Problem: Any picture in the data below gets skipped; print all the rest exactly.

Supplied data:
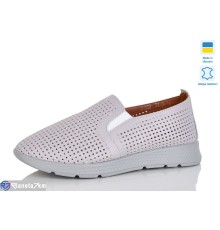 Туфлі жіночі на літо (6 пар р.37-41) сірий  "LIKA"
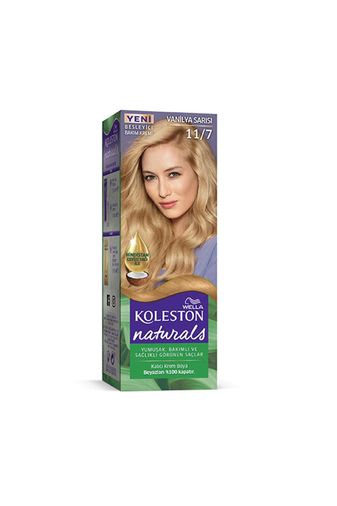 wella koleston RT-RYL-2KLN101-117 Naturals Saç Boyası Vanilya Sarısı 11/7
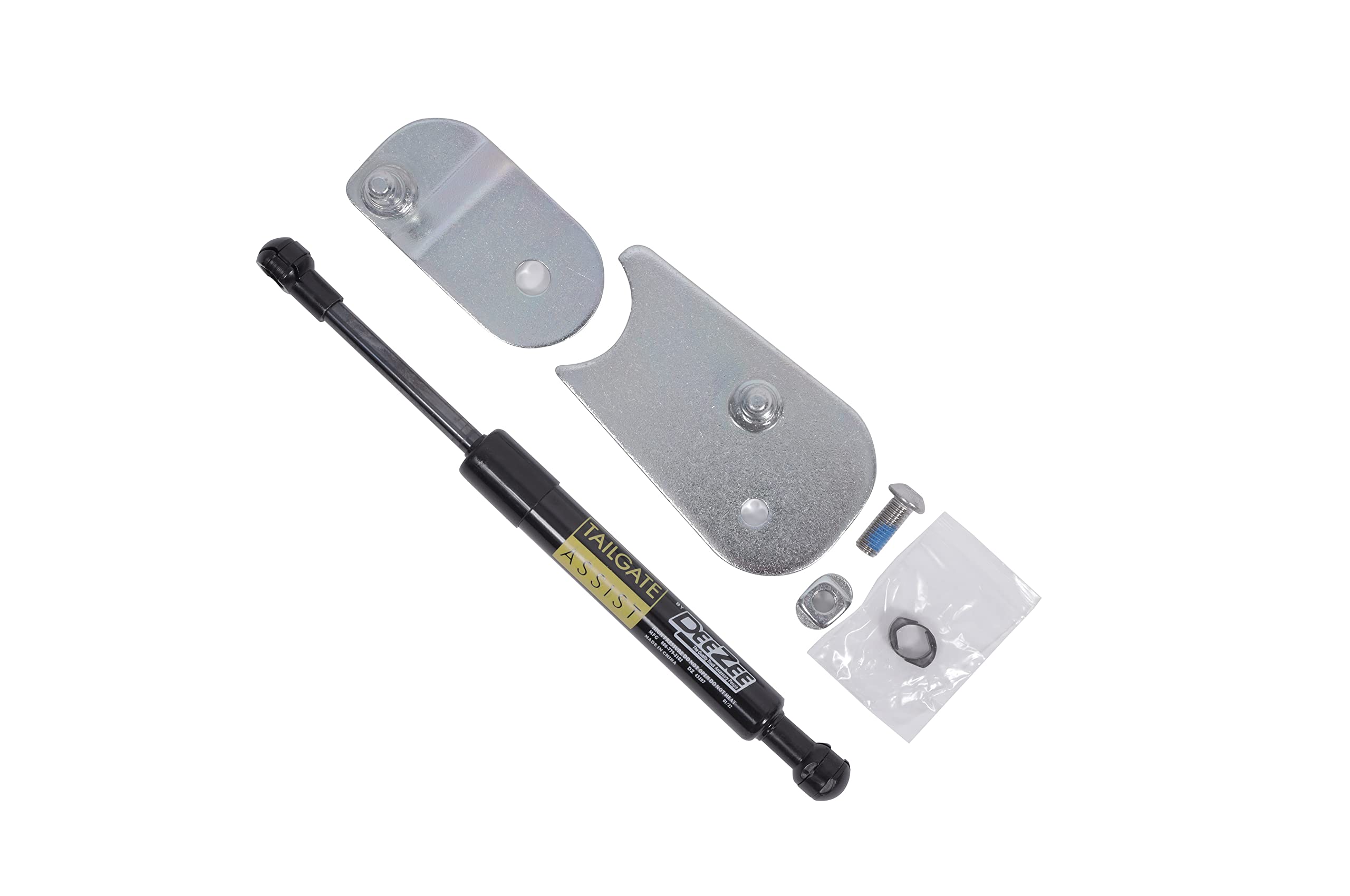 DEE ZEE DZ43207 tailgate assist installation without drilling enables quick upgrade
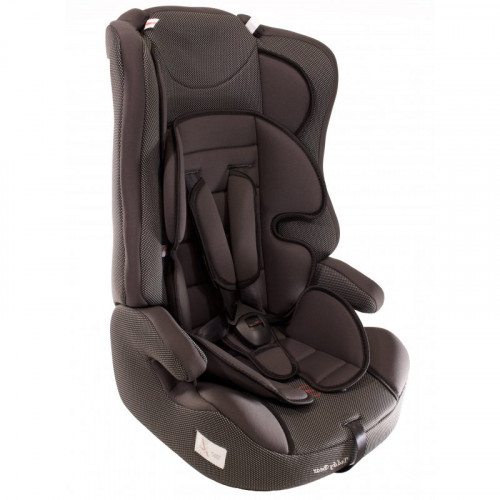 Автокресло 513 RF (Teddy Bear) темно-коричневое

Written response:
 Туфлі жіночі на літо (6 пар р.37-41) сірий  "LIKA"
 wella koleston RT-RYL-2KLN101-117 Naturals Saç Boyası Vanilya Sarısı 11/7
 DEE ZEE DZ43207 tailgate assist installation without drilling enables quick upgrade
 Автокресло 513 RF (Teddy Bear) темно-коричневое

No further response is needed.